During this tour, they will make one stop on P.E.I. to perform at the Trailside Inn in Mount Stewart, next Saturday, Oct. 19. Showtime is at 8 p.m. and the doors open at 6:30 p.m.
The Good Brothers last four decades include eight Juno Awards as Best Country Group, 14 albums – one of them Gold, many world tours, plus an induction into the Canadian Country Music Hall of Fame in 2004.
Home to the Good Brothers has always been New Brunswick, specifically the hamlet of Clifton-Stonehaven on the north shore of Bathurst on Bay Chaleur. Their parents, Harold Good and Albina Cormier, were born there. Although the elder Goods moved to Toronto, their parents instilled a love in their sons for “down home,” as they always referred to New Brunswick.
“The best remembrance I have,” says Bruce, “is going to a dance and seeing our first live music. We remember haying (bringing in loads of hay off the fields) with our friends and cousins. Although we were kids and probably more in the way than helpful, it was something we will never forget. After a hard day’s work we would get to ride the workhorses.
“I also remember seeing our dad cry for the first time when we had to depart for Ontario again,” added Bruce. “We felt that we were just visiting Ontario, not living there.”
In 1970, the brothers joined up with James Ackroyd to become James and the Good Brothers and played with Grand Funk Railroad at Maple Leaf Gardens. Following this, they were all aboard the Festival Express with music legends Ian and Sylvia Tyson, Janis Joplin, The Band, the Grateful Dead to name a few.

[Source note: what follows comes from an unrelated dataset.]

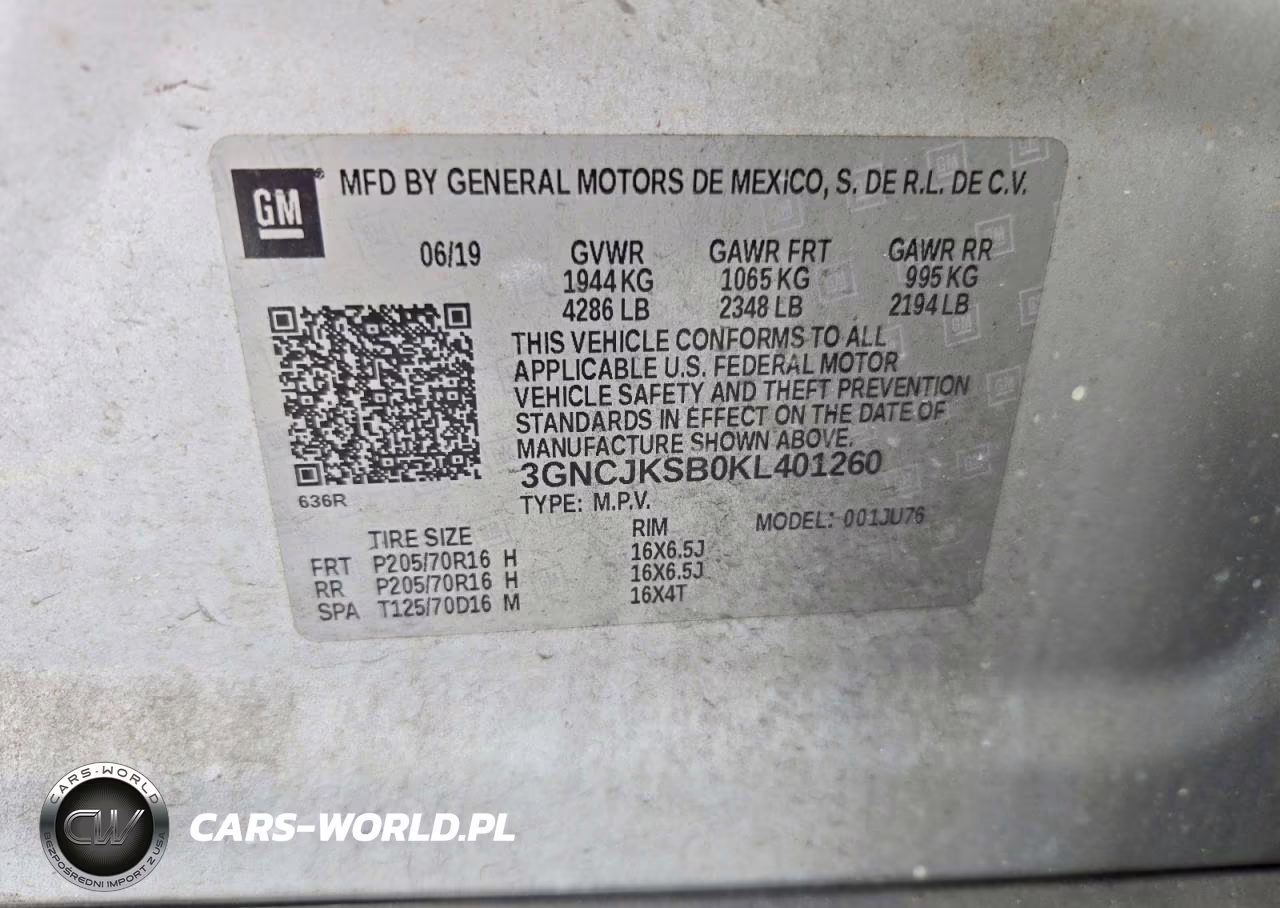 2019 Chevrolet Trax Ls VIN:3GNCJKSB0KL401260 - 13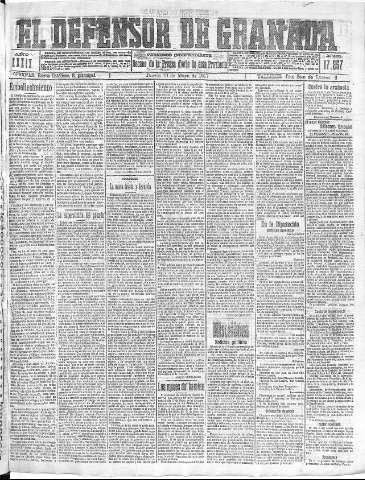 'El Defensor de Granada  : diario político independiente' - Año XXXIX Número 17257  - 1917 Mayo 10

In 1973, Bruce and Brian came home to Canada. When they recruited brother, Larry, the Good Brothers began their successful careers.
Each of their 21 world tours included a story about their roots and their childhood. “Live at The Rattlesnake Saloon,” the album recorded in in Munich, Germany, revisits their Acadian roots with songs like “La Bastringue,” a song that their mother taught them as young children and “Saint Anne’s Reel.” “An Old Man’s Tears” was written about their father Harold and has a lyric reference to the Miramichi. Their album “Blind Faith” is a portrait of their family music history and is dedicated to the memory of their parents.
“The ‘Homeward Bound’ tour,” says organizer, Don Coleman, of A/R Group International, “was meant to be. Sometimes in life, situations arise that are greater than the sum of their parts and the tour is exactly that. I wanted to organize a tour and The Good Brothers wanted to come home.”
On this fall’s Atlantic tour, Moncton native, Peter Sisk, will be performing with the Good Brothers on stand-up bass making him the adopted fourth brother.